While the aforementioned scenes of Darcy collecting ambient sounds are a worthwhile introduction (à la “Upstream Color”), the film’s acoustic curiosities seldom translate visually. The boy, for instance, is a rabbit trapper who insists upon gifting his new parental stand-ins with his catch, whether they like it or not. They’re none too pleased, but the blood and bone of it all is never quite unnerving, and rare are the moments that the movie holds on an insert of something chilling, or even a reaction shot of Daphne or Darcy responding in terror — or even mild discomfort. Beyond a point, the story is all implication by way of mundane suggestion, rather than chilling possibility.

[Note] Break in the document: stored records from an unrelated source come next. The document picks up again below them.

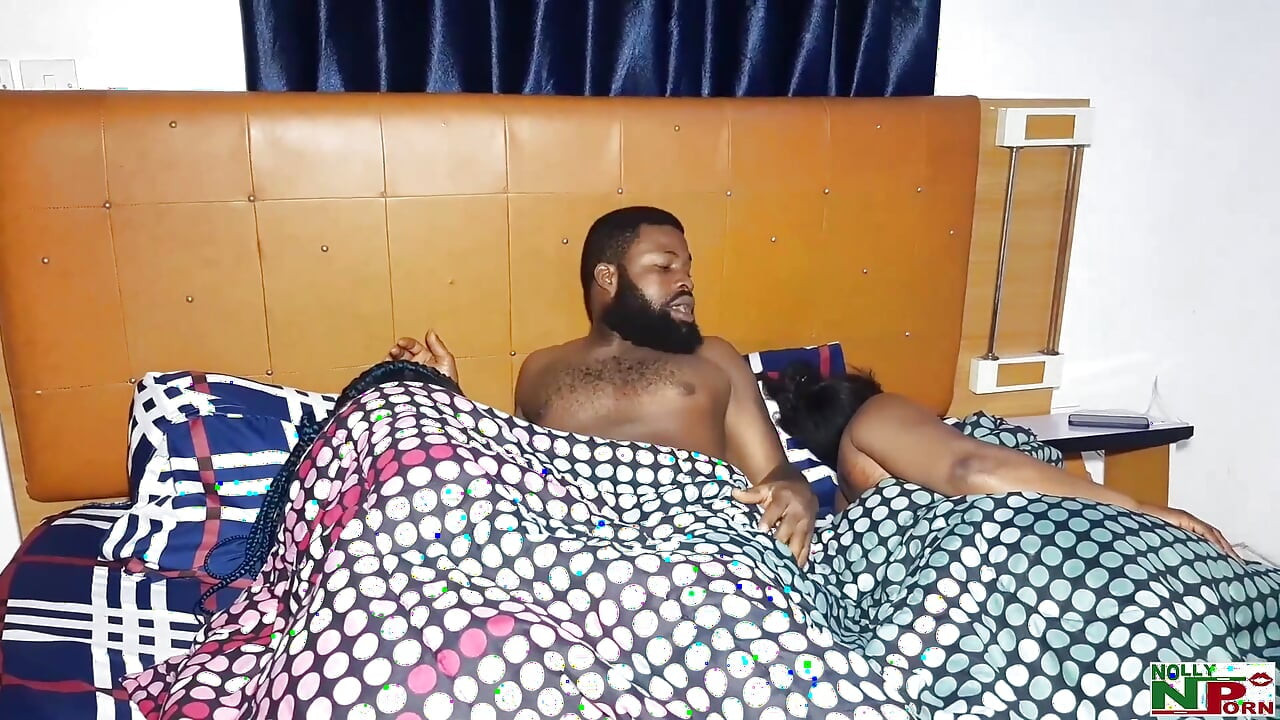 Uyandı ve bizi aynı yatakta sikişirken yakaladı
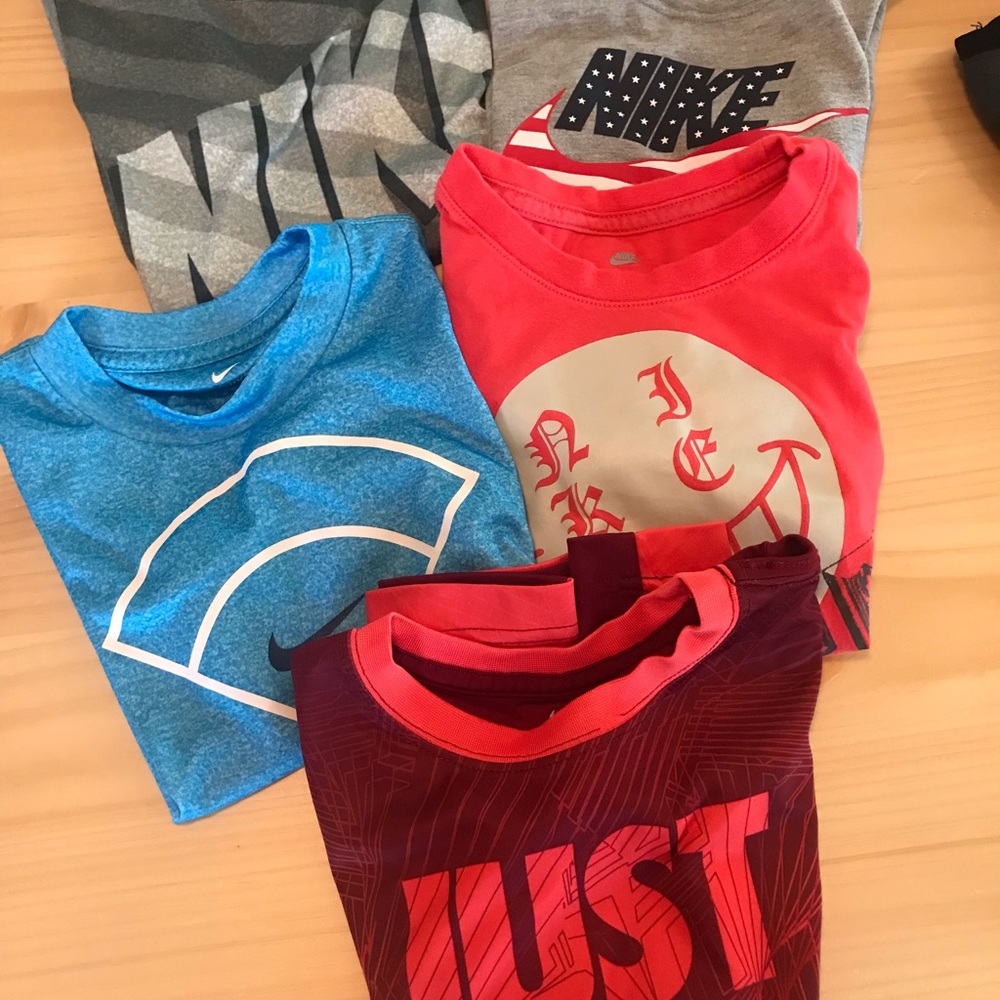 Nike!  Boys shirts/Tops sizes 4T &4-5. One small stain Short sleeved/sleeveless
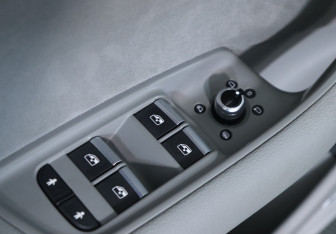 Подержанный автомобиль Audi Q7 2017 года (17 фото)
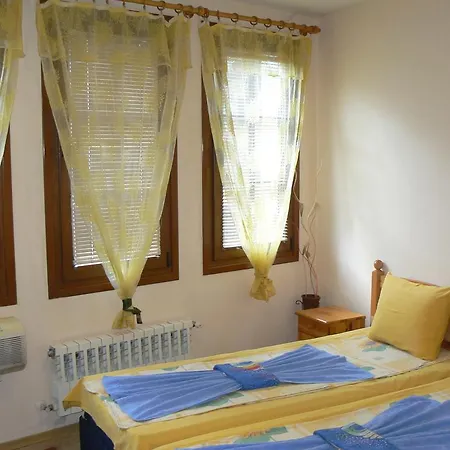 Family Varusha 2* 벨리코 터르노보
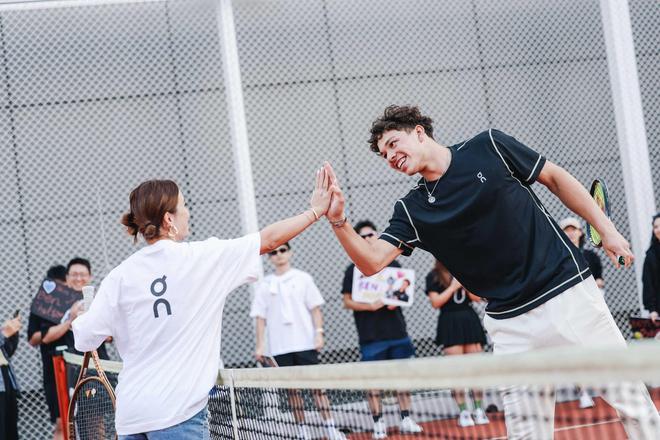 舆论压力 舆论压力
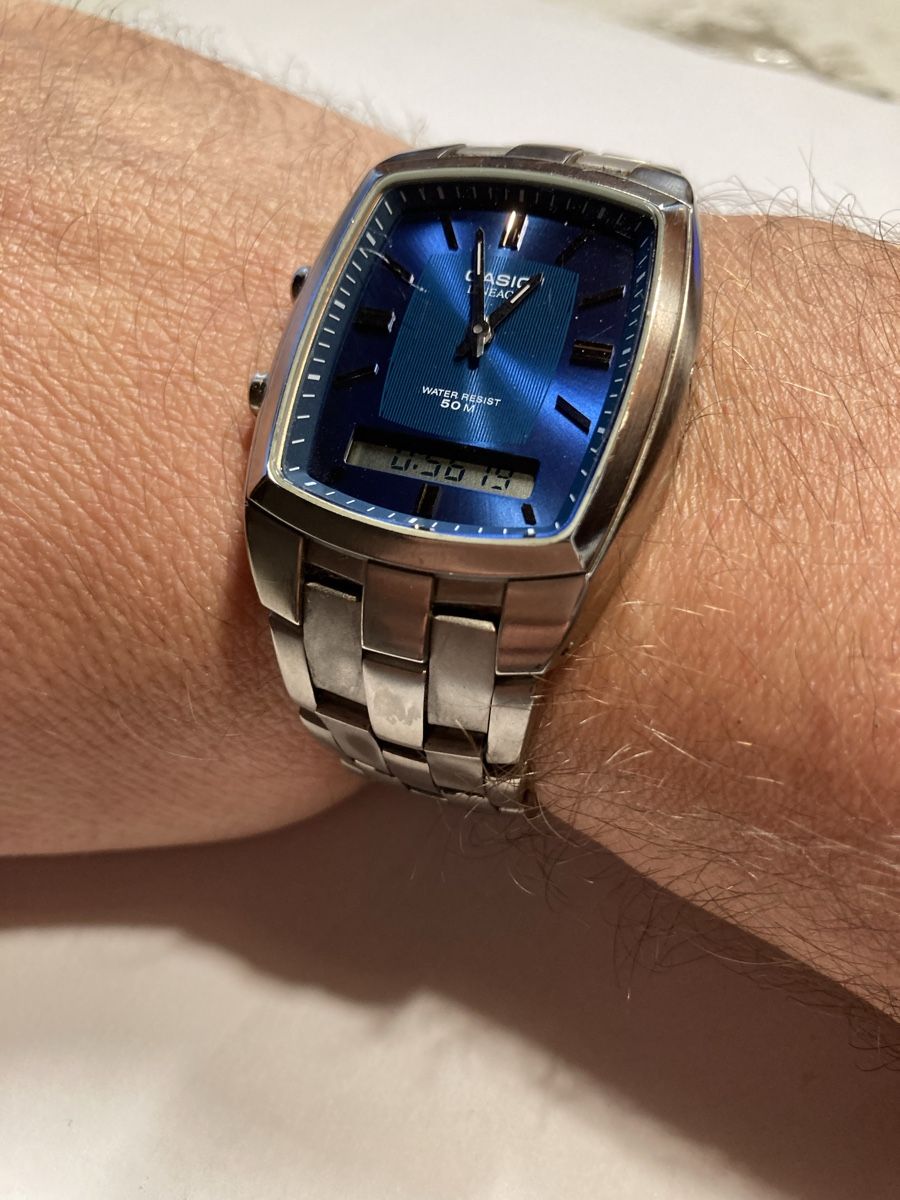 Casio Orologi: Casio Lineage ana digital Uhr 34 mm breit – Usato da Glattbrugg venduto da vintagemania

The movie’s polyphonic introduction is also not sustained. Its unique aural qualities (and the couple’s acoustic fixations) fall quickly by the wayside, making its very premise feel perfunctory. For a film in which experimental music — built from bits and pieces of nature, twisted and bastardized — plays such a central role, the overarching approach to “Rabbit Trip” is disappointingly straightforward, and surprisingly literal, despite its third-act transition towards magical, symbolic territory.

The result, unfortunately, involves meting out meaning in logistical fashion. The film’s barely-hidden secrets float just beneath the surface of a pool with no ripples — without meaningful texture to complicate or disguise its themes, or turn their unveiling into an emotionally-driven experience.